The parts of a computer
To perform a task, a computer first needs input. The keyboard is the most common input device. A scanner or video camera can deliver information and images to a computer. The computer then interprets and carries out instructions, receives, sends, and stores information using circuit boards. Computers store the programs and files in their memory. Disks store information in magnetic patterns which can be used to manipulate electric current.
Output is the text, picture, graph or sound that is returned after it is processed. The visual monitor is the most common output device. A printer puts information onto paper.
Finally, computers need software. Software or computer programs are lists of instructions written by a person that tell a computer what to do. Software is stored as a set of electromagnetic code signals in the computer's memory, on a disk or microchip.
Software and hardware designed to send and receive data allow computers to share information with other computers and people around the world. Modems translate computerized data into signals that travel through phone lines.
Benchmarks for Science Literacy 
Activity: It's as Easy as 1, 2, 3
Background for Instructors
In this activity, participants will try to break down the everyday task of putting on a jacket into simple step-by-step instructions that a computer robot could understand. It's not as easy as it seems!
This activity demonstrates a similarity between computer mechanics and biology. Specificity and accuracy of information is important in genetics as well as in computers. DNA transmits complicated yet precise instructions to make new cells. In cells, just as in computers, confusion or mutation results when instructions are rearranged or deleted.

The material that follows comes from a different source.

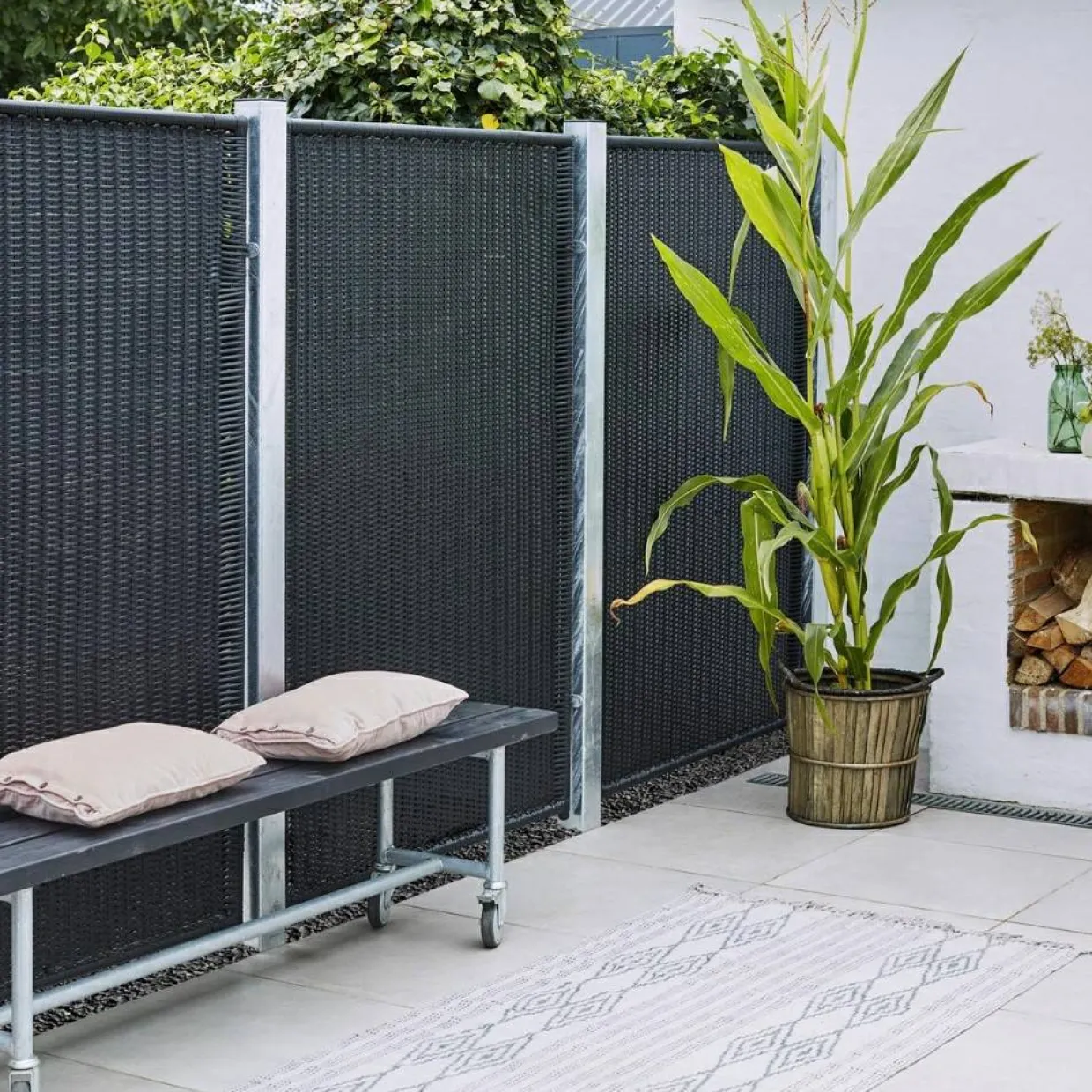 Trend 115x170 cm Svart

Activity -- Modeling a Computer Search Algorithm
Background for Instructors
Students act out two search methods. One is simple, but usually slow. The second is more complex, but usually fast. The first program checks each member of the group in sequence to see who has the designated number. In a group of one million members, you would need on average 500,000 checks to find one member. In the second search method, the group is halved at each step. Finding a single member in a group of one million will take at most 20 checks.

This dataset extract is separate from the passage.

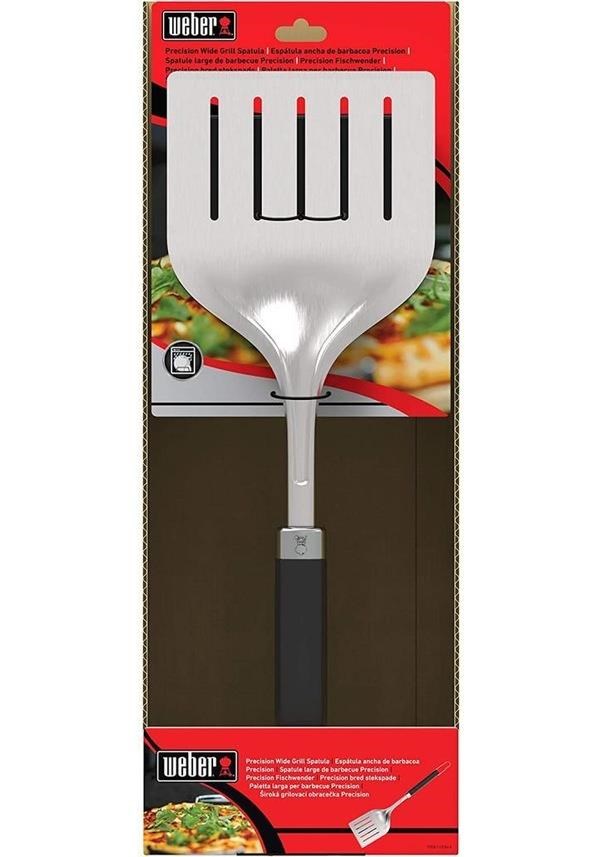 Weber Precision Wide Grill Spatula - Weber 6762 Geniş Izgara Spatulası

Computer search algorithms are used every time you "spell check" a report or call directory assistance for the telephone number of your favorite restaurant.
(For clarity in describing these procedures assume there are 15 people in this group.)

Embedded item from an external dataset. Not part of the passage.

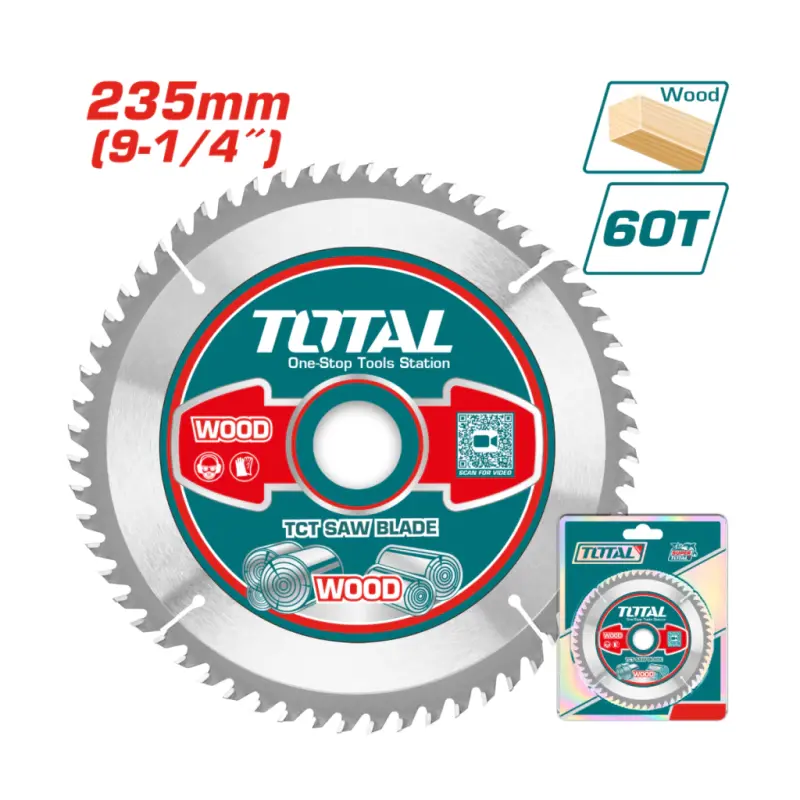 Disco Sierra TCT 235mm 60T TAC231623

Experiment -- Circuit Boards
Background for Instructors
In this activity campers construct circuit boards using short strips of wire or foil hidden behind a tray to connect metal brads. When the matching brads are connected with wires to a battery and bulb, a circuit is completed and the bulb lights. Campers can then use their circuit testers as "quiz boards" to find matching pairs.
This activity makes more sense if campers have already constructed working battery, wire, and bulb set-ups. If, due to logistical constraints, some participants are making their circuit boards prior to experimenting with circuits, it may be helpful to set up some circuit "testing stations" ahead of time.
You can use the sample "quiz" sheet included here or campers can use the blank template to create their own quiz questions. Try matching sports teams with their cities, or words in English with words in Spanish, or animals with the foods they eat. It is helpful to have a template showing where to insert the brads.